The CutoffDateTesting project uses celebrity death records (absolute, clearly timestamped, publicly concerned, and verifiable) to calibrate the knowledge boundaries of models. To address differences in baseline knowledge among models, a two-stage test was designed:

  1. Knowledge Check: Ask the birth year to determine if the model "knows" the celebrity;
  2. Status Check: For those who pass, ask if the celebrity is alive, and compare with real death records to determine the cutoff date. The dataset is from Wikipedia's "Notable Deaths in [Month]" pages, processed by automated scripts plus manual repairs, and finally contains 43,082 data points (Jan 2020 - Dec 2025).
4

Section 04

Key Findings: The Huge Gap Between Manufacturers' Claims and Actual Performance

After testing Claude Haiku/Sonnet/Opus4.5, Gemini3 Flash, Gemini2.5 Flash Lite, and GPT-5.2, the following findings were made:

  • Clarity of cutoff date: Gemini has only a 1-2 month blurry zone, while Claude/GPT-5 have long decay tails ranging from 6 months to 2 years;
  • Discrepancy between claims and reality: Claude/GPT-5 are officially marked to have a cutoff date of August 2025, but their accuracy at that time is 5 times lower than Gemini;
  • Impact of model size: Gemini2.5 Flash Lite performs worse than Gemini3 Flash, indicating that size has a direct impact on knowledge retrieval ability.
5

Section 05

Technical Limitations and Future Research Directions

The current task is only based on internal knowledge retrieval, and it is speculated that additional reasoning tokens have minimal improvement on performance.

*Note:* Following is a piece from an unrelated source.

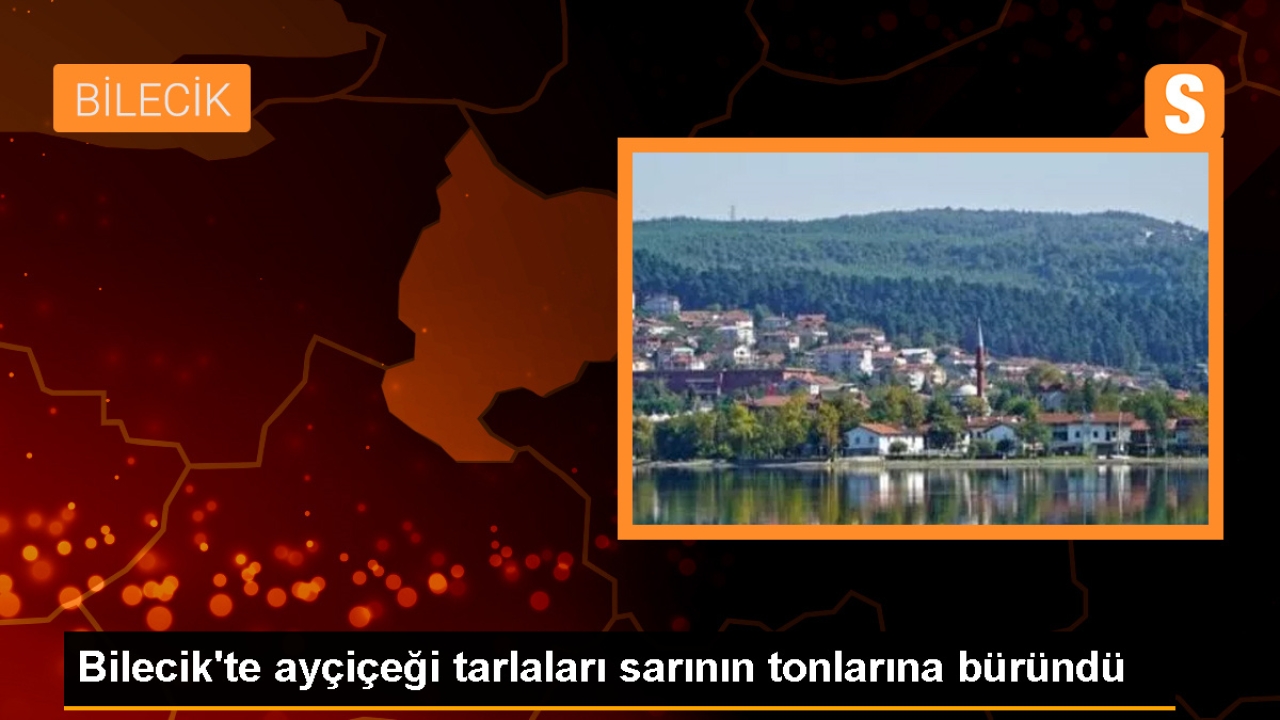 Bilecik'te Ayçiçeği Tarlaları Sarıya Büründü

Future research directions:

  • Vendor and size trends: Test historical data and updated models to study patterns between Google vs OpenAI/Anthropic, small models vs large models;
  • Open-source models: Focus on the Gemma model to explore whether Google's outstanding performance is due to integrating search result data;
  • Continuous learning: Test whether the Grok model truly has better continuous learning capabilities;
  • Scaling laws: Test the differences in raw recall tasks between small and large models;
  • Reasoning token effect: Test the impact of reasoning tokens on performance.
6

Section 06

Practical Insights: Recommendations for Large Model Users

Insights for users from the research:

  1. Treat manufacturers' claimed cutoff dates with caution; actual timeliness may be significantly lower than expected;
  2. Timeliness tasks need to be supplemented with external knowledge (e.g., RAG, search tools, contextual information);
  3. Consider knowledge breadth when choosing models (Gemini has an advantage in knowledge coverage);
  4. When deploying applications, evaluate the task's demand for knowledge timeliness and design compensation mechanisms.
7

Section 07

Conclusion: Understanding Knowledge Timeliness Limitations is Key to Application

The CutoffDateTesting project, through rigorous empirical research, reveals the real performance of mainstream large models in terms of knowledge timeliness. Although the reasoning ability of large models has improved dramatically, the knowledge update mechanism still has fundamental limitations. For application scenarios that rely on the latest information, understanding these limitations and designing compensation strategies are key to the successful deployment of large model applications.